Entries taken from a collection
++++++++

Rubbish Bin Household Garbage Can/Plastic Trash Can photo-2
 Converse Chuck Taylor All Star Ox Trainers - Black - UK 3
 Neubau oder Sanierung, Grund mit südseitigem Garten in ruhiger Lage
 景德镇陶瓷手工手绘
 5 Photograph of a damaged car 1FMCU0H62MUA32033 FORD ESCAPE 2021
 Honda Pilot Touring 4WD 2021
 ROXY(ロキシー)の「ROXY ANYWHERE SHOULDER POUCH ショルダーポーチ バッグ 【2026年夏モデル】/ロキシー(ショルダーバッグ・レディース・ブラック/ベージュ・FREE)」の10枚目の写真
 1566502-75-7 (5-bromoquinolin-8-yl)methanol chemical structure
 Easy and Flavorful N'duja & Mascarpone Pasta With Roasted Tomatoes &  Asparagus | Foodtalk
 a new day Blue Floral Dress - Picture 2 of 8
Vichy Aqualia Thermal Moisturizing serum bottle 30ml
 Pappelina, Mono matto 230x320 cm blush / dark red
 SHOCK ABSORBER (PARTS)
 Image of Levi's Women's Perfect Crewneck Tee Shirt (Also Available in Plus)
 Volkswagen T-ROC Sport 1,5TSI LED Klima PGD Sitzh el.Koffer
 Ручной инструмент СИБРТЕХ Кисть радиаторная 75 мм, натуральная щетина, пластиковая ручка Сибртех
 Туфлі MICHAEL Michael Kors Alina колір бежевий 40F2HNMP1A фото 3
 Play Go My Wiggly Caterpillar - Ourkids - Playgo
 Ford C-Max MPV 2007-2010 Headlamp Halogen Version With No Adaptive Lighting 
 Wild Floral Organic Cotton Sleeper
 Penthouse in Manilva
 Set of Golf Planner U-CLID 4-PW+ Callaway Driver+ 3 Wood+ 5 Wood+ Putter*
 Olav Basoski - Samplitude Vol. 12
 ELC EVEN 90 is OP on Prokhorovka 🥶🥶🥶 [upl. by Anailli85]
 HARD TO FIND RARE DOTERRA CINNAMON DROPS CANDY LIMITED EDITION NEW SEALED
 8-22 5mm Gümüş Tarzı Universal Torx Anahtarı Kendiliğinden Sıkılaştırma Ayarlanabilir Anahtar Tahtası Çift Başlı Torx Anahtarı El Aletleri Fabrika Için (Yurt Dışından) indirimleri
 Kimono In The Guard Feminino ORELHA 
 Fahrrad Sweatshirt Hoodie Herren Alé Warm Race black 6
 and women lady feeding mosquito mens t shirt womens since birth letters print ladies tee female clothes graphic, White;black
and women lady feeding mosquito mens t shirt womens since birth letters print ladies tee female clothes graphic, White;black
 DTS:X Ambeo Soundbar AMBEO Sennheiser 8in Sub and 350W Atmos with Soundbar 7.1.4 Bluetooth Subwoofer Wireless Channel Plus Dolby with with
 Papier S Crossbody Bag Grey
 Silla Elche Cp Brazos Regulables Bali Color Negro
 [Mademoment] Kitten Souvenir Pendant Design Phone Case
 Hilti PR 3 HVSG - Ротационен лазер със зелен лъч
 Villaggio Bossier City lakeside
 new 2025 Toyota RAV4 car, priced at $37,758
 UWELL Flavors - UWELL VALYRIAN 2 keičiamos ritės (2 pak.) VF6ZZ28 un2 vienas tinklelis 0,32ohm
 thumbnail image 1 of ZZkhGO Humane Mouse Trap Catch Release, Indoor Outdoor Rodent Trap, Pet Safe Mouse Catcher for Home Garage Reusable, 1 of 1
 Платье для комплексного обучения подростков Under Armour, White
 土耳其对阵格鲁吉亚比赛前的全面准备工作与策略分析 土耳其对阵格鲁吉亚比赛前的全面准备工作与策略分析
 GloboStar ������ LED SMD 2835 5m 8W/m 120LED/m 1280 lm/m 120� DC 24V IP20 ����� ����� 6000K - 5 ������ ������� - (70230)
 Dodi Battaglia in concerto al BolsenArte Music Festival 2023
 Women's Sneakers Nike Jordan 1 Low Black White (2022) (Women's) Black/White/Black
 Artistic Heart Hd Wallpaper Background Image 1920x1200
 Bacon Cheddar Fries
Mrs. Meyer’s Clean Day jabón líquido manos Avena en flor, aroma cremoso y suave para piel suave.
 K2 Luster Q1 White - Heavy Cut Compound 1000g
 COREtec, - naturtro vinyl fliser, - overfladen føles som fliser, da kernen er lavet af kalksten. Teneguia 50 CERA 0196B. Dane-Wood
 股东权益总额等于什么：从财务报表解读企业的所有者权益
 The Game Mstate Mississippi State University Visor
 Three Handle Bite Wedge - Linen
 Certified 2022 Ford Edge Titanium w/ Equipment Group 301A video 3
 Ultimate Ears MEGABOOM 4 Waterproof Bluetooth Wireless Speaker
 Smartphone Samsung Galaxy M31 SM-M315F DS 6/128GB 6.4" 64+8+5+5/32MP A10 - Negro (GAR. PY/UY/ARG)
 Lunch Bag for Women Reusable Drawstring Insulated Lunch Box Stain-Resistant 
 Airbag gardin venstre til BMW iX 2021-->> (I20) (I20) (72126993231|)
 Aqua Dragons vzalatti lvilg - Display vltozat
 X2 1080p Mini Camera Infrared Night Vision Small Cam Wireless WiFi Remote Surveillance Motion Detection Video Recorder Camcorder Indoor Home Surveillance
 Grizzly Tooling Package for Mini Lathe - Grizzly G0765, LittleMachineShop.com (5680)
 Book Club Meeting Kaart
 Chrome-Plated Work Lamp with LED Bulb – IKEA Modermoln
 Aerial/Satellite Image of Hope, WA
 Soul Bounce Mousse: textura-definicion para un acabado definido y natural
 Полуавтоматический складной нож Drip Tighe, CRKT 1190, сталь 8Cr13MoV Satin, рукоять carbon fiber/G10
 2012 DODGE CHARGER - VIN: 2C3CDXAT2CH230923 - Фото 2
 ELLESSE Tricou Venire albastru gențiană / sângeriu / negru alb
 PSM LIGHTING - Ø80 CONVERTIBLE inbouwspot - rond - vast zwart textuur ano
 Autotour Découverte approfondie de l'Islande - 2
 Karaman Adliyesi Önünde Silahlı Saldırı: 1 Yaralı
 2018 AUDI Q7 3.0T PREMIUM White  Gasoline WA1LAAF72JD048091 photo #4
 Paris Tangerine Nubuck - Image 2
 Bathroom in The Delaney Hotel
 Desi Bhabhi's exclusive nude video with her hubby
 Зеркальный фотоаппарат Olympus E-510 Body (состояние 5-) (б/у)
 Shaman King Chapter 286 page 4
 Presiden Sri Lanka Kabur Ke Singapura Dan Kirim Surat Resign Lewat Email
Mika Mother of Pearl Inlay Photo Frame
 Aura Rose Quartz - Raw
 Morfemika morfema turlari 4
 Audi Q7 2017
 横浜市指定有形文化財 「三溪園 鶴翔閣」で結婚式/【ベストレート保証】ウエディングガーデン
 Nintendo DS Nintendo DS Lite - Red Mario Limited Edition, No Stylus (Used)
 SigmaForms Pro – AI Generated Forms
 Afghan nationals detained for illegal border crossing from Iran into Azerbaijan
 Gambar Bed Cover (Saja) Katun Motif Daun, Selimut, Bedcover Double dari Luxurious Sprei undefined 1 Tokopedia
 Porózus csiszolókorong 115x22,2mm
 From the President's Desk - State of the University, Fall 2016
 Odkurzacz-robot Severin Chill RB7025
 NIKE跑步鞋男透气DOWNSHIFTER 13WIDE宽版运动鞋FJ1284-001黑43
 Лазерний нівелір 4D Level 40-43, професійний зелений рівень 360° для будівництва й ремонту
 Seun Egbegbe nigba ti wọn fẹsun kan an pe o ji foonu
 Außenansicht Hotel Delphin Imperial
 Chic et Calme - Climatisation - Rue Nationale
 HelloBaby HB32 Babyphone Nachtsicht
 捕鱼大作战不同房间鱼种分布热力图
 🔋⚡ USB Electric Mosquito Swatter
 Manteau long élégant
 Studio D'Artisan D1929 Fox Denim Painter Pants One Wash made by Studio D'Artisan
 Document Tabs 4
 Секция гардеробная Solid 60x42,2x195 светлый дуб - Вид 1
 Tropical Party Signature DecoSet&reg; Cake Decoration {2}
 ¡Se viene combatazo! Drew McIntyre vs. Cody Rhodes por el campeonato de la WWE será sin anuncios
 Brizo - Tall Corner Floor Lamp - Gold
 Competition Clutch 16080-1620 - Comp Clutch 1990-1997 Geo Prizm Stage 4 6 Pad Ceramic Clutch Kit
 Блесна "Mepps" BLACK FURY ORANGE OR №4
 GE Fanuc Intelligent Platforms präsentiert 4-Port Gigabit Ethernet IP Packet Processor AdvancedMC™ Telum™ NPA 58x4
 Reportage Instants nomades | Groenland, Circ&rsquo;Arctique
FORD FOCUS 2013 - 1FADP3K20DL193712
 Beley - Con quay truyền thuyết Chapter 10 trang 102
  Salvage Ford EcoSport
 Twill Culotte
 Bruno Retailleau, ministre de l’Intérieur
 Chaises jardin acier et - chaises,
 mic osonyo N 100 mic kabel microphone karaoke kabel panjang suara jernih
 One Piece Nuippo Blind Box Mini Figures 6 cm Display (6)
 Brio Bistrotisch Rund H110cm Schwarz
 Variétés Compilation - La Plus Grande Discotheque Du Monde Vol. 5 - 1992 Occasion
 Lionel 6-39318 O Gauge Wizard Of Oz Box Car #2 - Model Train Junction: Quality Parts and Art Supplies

++++++++

-- Exercise --
Across all the records, find the lines containing the word "White" and reproduce each one.

-- Expected answer --
 and women lady feeding mosquito mens t shirt womens since birth letters print ladies tee female clothes graphic, White;black
and women lady feeding mosquito mens t shirt womens since birth letters print ladies tee female clothes graphic, White;black
 Платье для комплексного обучения подростков Under Armour, White
 Women's Sneakers Nike Jordan 1 Low Black White (2022) (Women's) Black/White/Black
 K2 Luster Q1 White - Heavy Cut Compound 1000g
 2018 AUDI Q7 3.0T PREMIUM White  Gasoline WA1LAAF72JD048091 photo #4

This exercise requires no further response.